Spivia, who became Georgia’s first film commissioner, considered the state’s geographic diversity a major asset and thought it would appeal to producers. He started visiting Hollywood to build relationships and sell the state as a place to do business. A couple of years later, Reynolds called his friend as his film “The Longest Yard” was urgently in need of a prison where filming could begin on the story of a washed-up NFL player serving time and who is enlisted by the warden to lead a prison football team.
“He made things happen,” Barbara said of her husband. “What they wanted, they got. Burt would say if you need something done: Call Ed.”
Spivia helped secure access to the state prison in Reidsville, where the movie was shot. Over the next decade, some 200 productions were shot in Georgia. Spivia came to know the state so well that he became something of a one-man location manager/problem solver. If a director needed a covered bridge, Spivia would tell them where to go.
In 1983, Spivia broke out on his own and with fellow investors to form Filmworks USA. The company leased the Lakewood Fairgrounds in south Atlanta with the plan to turn the old state fairgrounds into a movie studio. But when the operation struggled financially, the group transformed the fairgrounds into an antiques market that became known around the country. Eventually, the city of Atlanta repurchased the lease to the fairgrounds and today it operates as EUE Screen Gems Studios. Today, Spivia’s antiques market operates in Cumming, where he opened a second location in 2004.

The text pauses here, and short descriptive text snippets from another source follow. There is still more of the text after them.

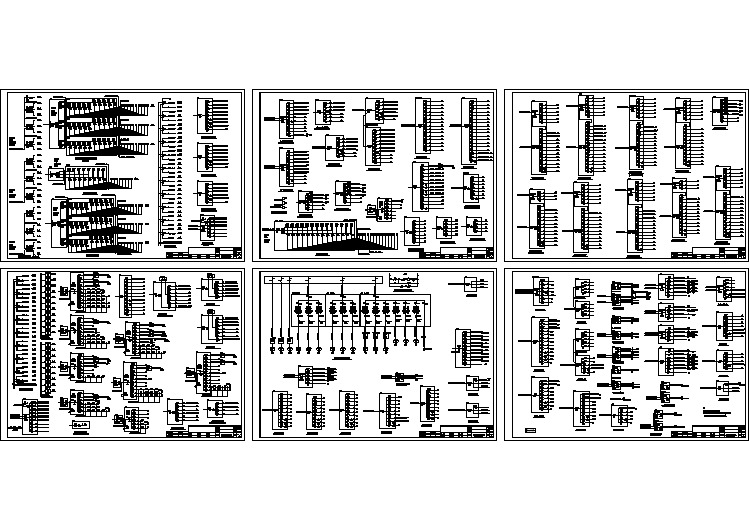 一套详细的酒店电气系统施工图纸（全套）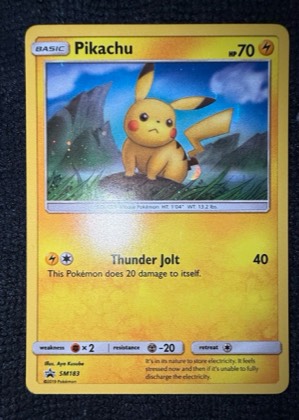 Pikachu - SM183, graded 8.5
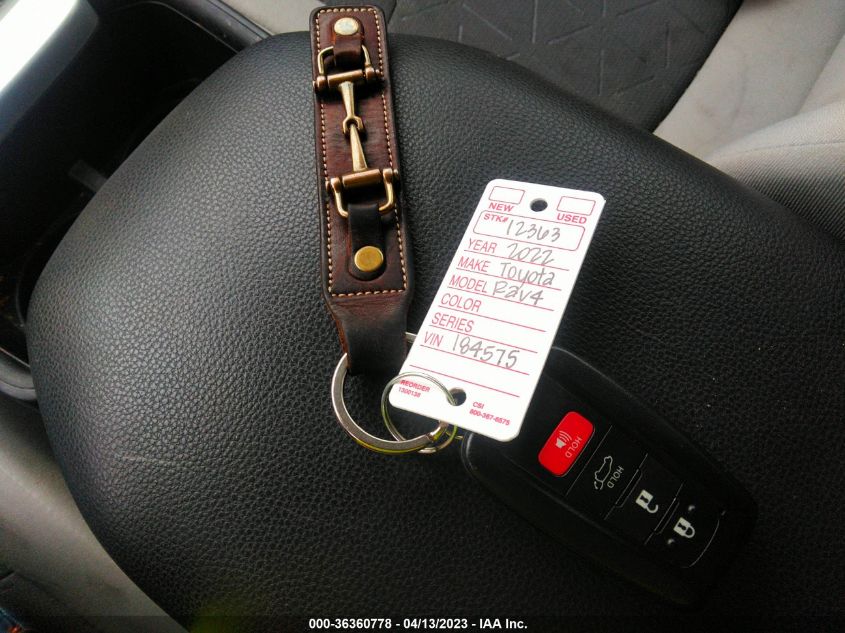 2022 TOYOTA RAV4 XLE - 2T3W1RFVXNC184575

But his second act in the film industry was still to come. That same year, Gov. Sonny Perdue had tapped Spivia to head up a state film advisory board. It was in that role that he and a small group of film industry advocates pushed for favorable tax incentives so Georgia could keep up with other states that were competing hard for Hollywood’s business. Over the next couple of years, the state adopted a series of incentive packages that helped lay the groundwork for today’s booming film industry.
The industry has invested in a web of studios, soundstages and equipment now firmly rooted in Georgia. Direct film spending in Georgia reached $2.7 billion last year, and about 450 projects shot in the state in the past year supported roughly 92,000 jobs.

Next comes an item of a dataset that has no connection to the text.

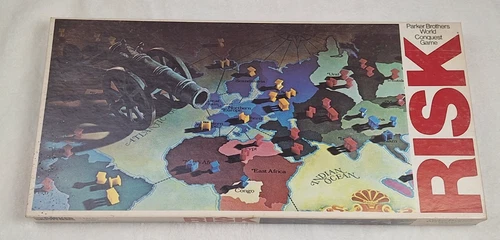 Vintage RISK Board Game 1975 , 1980 Parker Brothers World Conquest  Complete CIB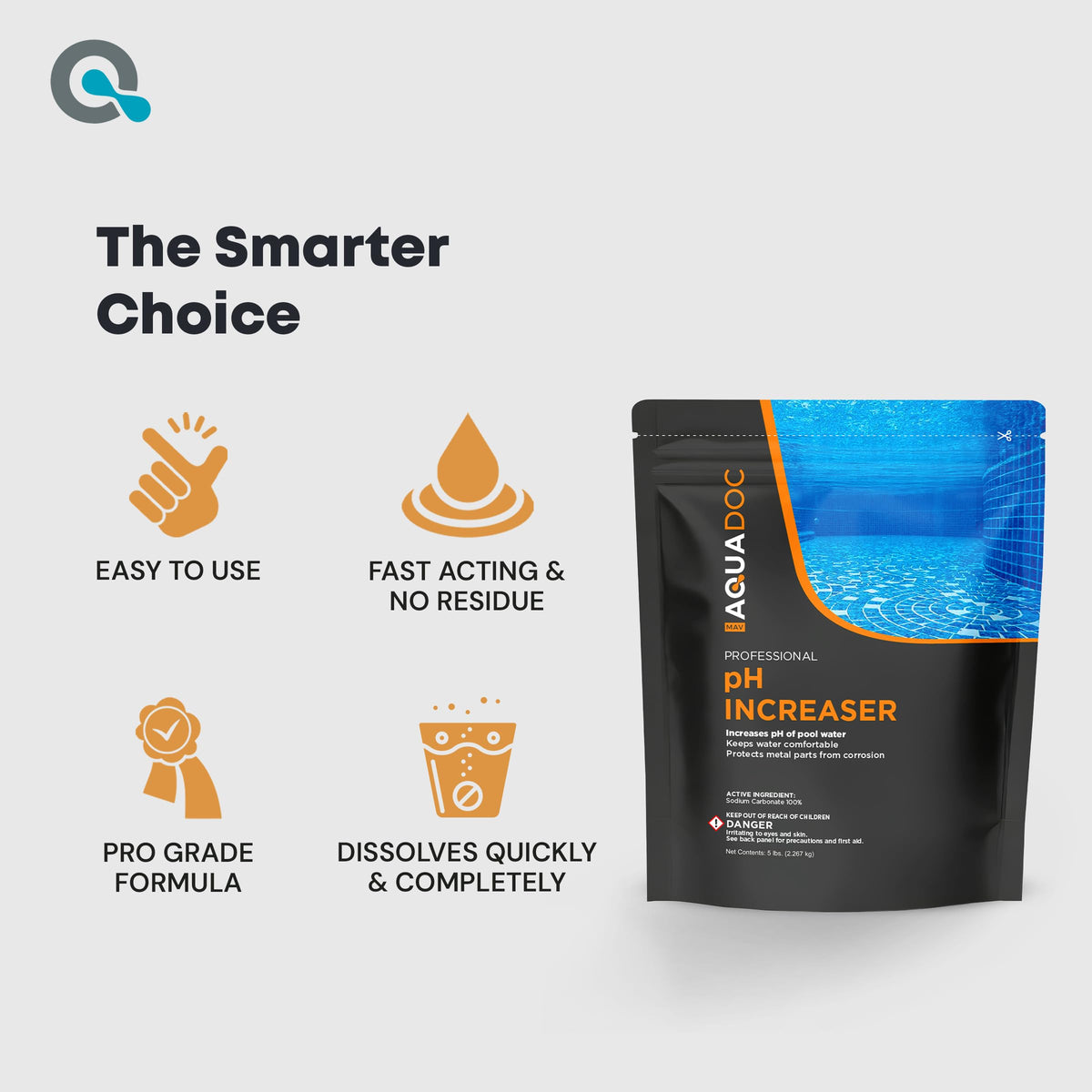 MAV AquaDoc pH Up all pool types compatibility shows universal use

Wilbur Fitzgerald, an actor and attorney from Georgia, was in that group who worked with Spivia to advocate for the new incentives. He said Spivia’s political insight and his relationships at the Capitol were instrumental in getting the proposal through the General Assembly.
“Ed really was the leader of that effort,” Fitzgerald said. “He knew everybody. He understood the business better than anyone. … He was the catalyst of the film and television industry in Georgia. He’s done as much for the state as some of our best governors.”
In addition to Barbara, his wife of 17 years, Spivia is survived by two sons, Rhett and Greg; a daughter, Cole; three stepsons, Philip Beegle, Brian Beegle and Kevin Beegle; three grandchildren; and two great-grandchildren.